Settlement deserted - medieval, Portmarnock, Co. Dublin
Co. Dublin |
Settlement Sites
There is a particular category of archaeological site that exists only in the record: fully excavated, fully documented, and then built over, leaving nothing whatsoever on the ground.
The medieval settlement at Portmarnock, on Dublin's north coast, belongs to that category. Where a late medieval village once spread across the soil near Station Road, a residential development now stands. The monument is gone. What remains is the paperwork, and the paperwork turns out to be remarkably revealing.

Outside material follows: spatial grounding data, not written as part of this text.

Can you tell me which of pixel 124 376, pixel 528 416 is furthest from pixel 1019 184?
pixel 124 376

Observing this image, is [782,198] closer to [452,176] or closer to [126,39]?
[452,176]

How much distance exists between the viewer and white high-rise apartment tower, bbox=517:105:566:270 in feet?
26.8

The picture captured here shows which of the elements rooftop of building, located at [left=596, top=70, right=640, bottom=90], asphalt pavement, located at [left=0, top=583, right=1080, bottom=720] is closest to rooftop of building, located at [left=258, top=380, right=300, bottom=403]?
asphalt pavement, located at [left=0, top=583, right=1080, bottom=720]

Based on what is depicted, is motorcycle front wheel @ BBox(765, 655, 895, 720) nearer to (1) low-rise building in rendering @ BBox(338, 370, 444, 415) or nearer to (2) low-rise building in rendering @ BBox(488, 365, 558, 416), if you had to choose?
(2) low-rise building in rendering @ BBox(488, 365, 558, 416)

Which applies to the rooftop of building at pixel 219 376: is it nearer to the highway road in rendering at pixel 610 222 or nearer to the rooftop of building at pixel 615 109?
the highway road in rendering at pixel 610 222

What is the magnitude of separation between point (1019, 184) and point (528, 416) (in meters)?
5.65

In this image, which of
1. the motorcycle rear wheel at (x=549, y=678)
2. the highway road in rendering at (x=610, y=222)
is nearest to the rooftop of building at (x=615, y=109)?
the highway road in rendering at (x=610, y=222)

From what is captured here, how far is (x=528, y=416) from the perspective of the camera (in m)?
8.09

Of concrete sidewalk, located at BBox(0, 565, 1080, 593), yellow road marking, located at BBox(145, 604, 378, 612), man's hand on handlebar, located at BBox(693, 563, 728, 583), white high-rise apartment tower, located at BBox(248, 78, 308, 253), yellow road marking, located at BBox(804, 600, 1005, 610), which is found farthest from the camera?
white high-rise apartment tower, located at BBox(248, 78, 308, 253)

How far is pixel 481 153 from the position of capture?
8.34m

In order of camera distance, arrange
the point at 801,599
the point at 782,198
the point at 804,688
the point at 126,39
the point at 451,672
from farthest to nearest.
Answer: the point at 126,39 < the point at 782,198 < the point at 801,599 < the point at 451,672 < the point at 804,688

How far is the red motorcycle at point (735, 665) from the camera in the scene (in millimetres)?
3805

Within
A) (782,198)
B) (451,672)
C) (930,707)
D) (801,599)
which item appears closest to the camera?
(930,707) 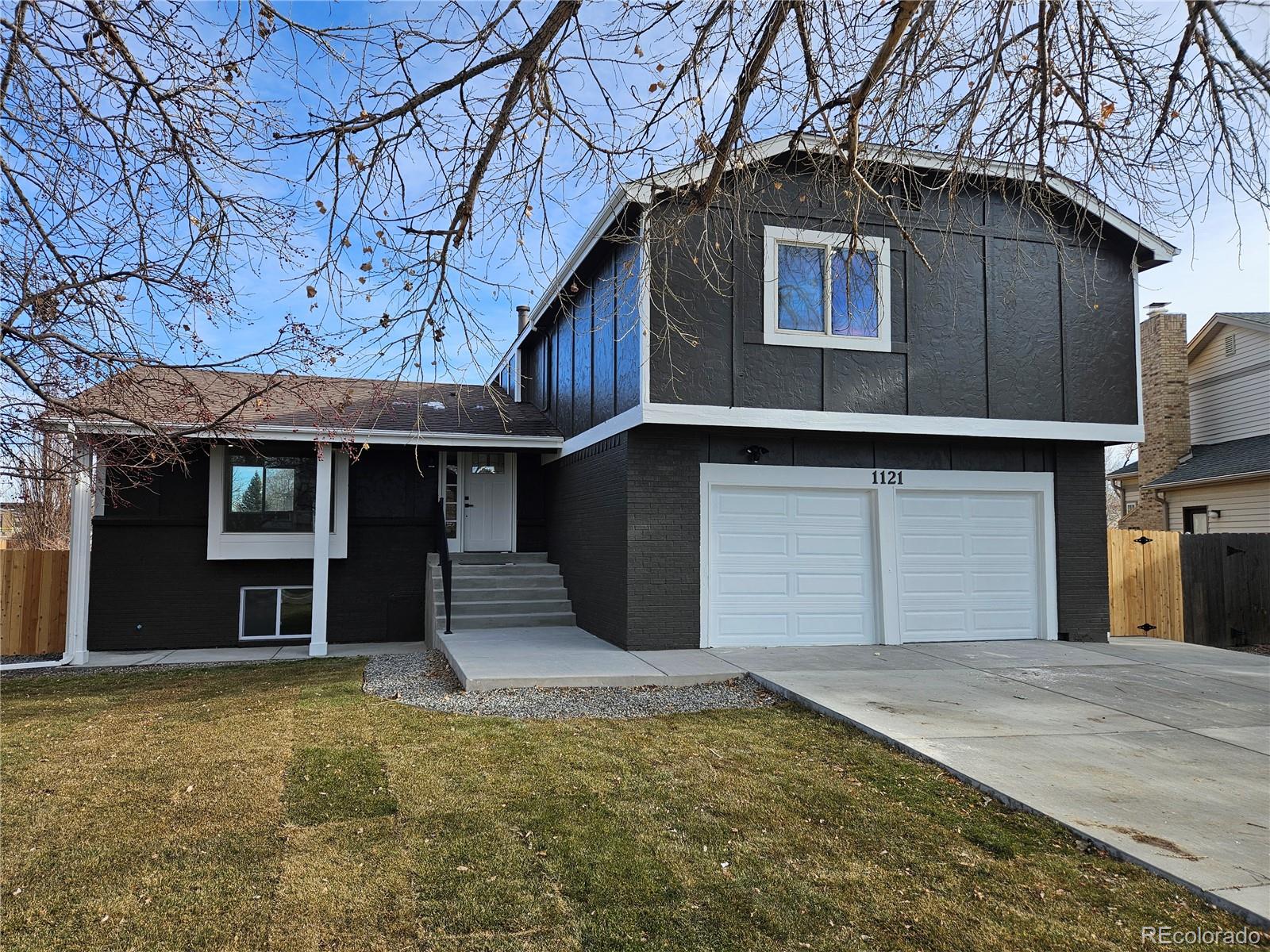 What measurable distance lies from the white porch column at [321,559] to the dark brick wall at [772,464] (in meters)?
5.02

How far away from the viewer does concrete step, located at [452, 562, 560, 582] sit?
1266 cm

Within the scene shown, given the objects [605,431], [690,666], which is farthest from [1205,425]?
[690,666]

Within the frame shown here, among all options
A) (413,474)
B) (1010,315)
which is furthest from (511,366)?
(1010,315)

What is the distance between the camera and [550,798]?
15.6 feet

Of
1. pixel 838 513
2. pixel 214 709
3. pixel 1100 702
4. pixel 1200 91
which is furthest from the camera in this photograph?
pixel 838 513

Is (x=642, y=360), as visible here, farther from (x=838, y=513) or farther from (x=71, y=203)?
(x=71, y=203)

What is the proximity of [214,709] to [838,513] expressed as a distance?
298 inches

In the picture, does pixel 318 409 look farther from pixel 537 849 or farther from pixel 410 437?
pixel 537 849

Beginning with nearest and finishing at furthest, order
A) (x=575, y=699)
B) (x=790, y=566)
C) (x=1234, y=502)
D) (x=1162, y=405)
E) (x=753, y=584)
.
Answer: (x=575, y=699), (x=753, y=584), (x=790, y=566), (x=1234, y=502), (x=1162, y=405)

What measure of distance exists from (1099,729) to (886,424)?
15.6ft

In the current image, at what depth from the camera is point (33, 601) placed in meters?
12.0

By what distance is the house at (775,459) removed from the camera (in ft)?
32.0

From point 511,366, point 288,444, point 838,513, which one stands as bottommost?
point 838,513

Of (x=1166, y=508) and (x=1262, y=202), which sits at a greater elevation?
(x=1262, y=202) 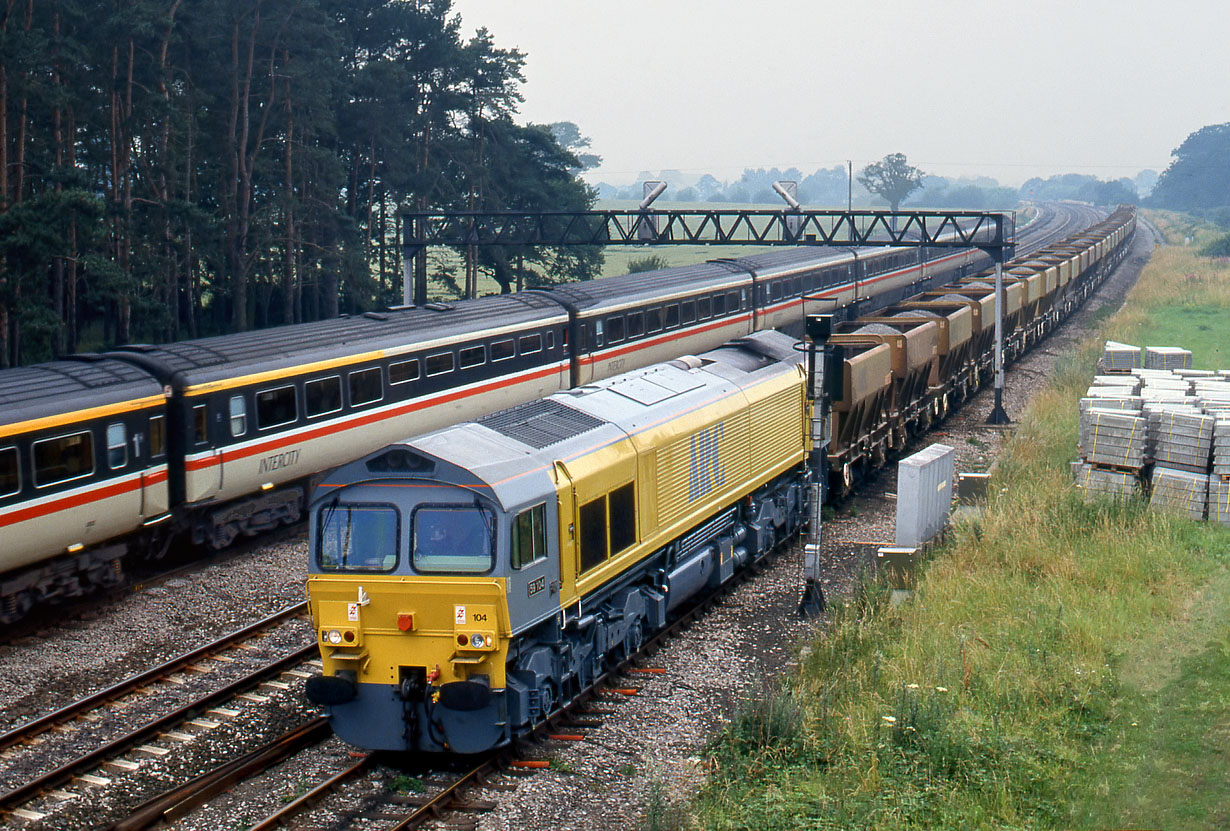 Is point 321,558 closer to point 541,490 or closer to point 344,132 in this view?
point 541,490

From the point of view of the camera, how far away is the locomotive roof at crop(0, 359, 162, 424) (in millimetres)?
17281

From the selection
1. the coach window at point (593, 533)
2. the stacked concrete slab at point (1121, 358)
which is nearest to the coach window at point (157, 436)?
the coach window at point (593, 533)

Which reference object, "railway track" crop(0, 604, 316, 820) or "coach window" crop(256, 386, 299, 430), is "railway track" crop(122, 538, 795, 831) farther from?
"coach window" crop(256, 386, 299, 430)

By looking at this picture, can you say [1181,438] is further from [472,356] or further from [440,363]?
[440,363]

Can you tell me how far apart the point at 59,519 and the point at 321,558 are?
741cm

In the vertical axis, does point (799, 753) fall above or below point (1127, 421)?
below

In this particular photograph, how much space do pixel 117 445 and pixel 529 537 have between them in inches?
364

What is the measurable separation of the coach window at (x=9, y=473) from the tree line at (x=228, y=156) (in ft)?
56.1

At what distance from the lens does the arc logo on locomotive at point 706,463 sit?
16.8 meters

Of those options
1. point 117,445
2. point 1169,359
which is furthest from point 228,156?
point 1169,359

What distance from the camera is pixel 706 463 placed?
679 inches

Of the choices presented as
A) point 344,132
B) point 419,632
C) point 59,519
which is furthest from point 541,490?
point 344,132

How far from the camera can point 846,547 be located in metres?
22.2

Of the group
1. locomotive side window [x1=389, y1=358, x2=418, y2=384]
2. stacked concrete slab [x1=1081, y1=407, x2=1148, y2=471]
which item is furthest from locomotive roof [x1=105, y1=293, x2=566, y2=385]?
stacked concrete slab [x1=1081, y1=407, x2=1148, y2=471]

The site came to light almost by accident in 2016, during monitoring works for a drainage feature associated with an earlier phase of development. What appeared at first to be a modest find was soon understood as the eastern edge of a much larger medieval settlement, part of which had already been excavated by C. Moriarty in 2008 under licence 08E0376. That earlier dig had identified six well-defined property plots with associated yard areas and wells, and dated the main period of occupation to the 16th and 17th centuries. The 2018 excavation, carried out under licence 18E0016 by Gill McLoughlin of Courtney Deery Heritage Consultancy Ltd. on behalf of Sherman Oaks Ltd., extended the picture considerably. In the southern part of the site, the L-shaped foundation of a stone structure was uncovered, with a keyhole-shaped oven set into the wall. Charred cereal retrieved from a founding deposit in that structure returned a date range of 1275 to 1386 AD, pushing the origins of settlement activity back to the late 13th century. The main north-south ditch running through the site dated to between 1420 and 1454 AD. Among the finds recovered were large quantities of Dublin-type and Leinster Cooking Ware, moderate amounts of animal bone, and a substantial assemblage of plough pebbles, smooth stones used to clear fields before ploughing, whose presence in the eastern area suggested that this part of the village had shifted from domestic use to agricultural use at some point after initial occupation. McLoughlin's interpretation was that the settlement had begun in the east during the 13th century and gradually extended westward over time. A separate area of the development lands also yielded a burnt mound trough, a type of prehistoric cooking site associated with heated stones and water, dated to the early Bronze Age, between 2135 and 1920 BC.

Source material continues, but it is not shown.